▶ _Your instructions_
Write out exactly what each line says, starting with the first line below and ending on the one with "Hero image for Kaikohe Blood &amp; Fire".

Data records
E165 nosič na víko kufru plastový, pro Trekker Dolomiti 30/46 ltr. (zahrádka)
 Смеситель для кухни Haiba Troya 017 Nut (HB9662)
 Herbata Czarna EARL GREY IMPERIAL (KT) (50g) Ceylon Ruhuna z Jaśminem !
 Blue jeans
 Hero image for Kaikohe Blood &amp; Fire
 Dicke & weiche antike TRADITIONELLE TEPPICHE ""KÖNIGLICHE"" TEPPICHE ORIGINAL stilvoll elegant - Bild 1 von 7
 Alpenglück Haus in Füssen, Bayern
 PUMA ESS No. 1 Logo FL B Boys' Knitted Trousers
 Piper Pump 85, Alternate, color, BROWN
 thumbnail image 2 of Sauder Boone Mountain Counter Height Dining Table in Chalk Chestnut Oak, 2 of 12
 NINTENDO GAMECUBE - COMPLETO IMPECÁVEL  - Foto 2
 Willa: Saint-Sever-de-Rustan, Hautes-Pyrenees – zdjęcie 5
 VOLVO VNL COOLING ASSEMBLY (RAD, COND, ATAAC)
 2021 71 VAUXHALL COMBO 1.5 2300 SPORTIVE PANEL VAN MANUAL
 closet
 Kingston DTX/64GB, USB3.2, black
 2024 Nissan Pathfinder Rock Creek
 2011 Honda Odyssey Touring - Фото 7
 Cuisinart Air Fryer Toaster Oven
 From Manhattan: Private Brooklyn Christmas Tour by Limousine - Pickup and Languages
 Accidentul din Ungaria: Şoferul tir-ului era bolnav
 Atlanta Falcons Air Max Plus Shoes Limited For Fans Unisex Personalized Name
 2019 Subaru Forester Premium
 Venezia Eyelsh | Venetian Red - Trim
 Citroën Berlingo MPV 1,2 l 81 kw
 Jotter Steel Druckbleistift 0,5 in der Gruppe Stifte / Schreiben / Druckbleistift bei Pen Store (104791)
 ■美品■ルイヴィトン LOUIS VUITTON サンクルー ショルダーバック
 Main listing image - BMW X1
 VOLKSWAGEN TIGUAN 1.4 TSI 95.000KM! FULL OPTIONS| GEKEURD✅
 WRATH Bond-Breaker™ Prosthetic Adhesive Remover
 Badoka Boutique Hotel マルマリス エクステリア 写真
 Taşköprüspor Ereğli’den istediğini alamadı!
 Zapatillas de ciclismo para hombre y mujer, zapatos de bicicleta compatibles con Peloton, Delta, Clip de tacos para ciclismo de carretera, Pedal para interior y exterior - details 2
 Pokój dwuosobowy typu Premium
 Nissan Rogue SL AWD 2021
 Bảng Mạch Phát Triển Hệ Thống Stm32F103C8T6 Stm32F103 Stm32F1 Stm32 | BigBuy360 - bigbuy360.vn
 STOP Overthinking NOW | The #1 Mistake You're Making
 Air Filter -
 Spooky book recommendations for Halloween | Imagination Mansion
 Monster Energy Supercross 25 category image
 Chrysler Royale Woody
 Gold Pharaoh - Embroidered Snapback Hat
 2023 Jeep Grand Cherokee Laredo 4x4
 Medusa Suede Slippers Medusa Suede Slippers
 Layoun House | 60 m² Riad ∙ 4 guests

▶ _Answer section_
E165 nosič na víko kufru plastový, pro Trekker Dolomiti 30/46 ltr. (zahrádka)
 Смеситель для кухни Haiba Troya 017 Nut (HB9662)
 Herbata Czarna EARL GREY IMPERIAL (KT) (50g) Ceylon Ruhuna z Jaśminem !
 Blue jeans
 Hero image for Kaikohe Blood &amp; Fire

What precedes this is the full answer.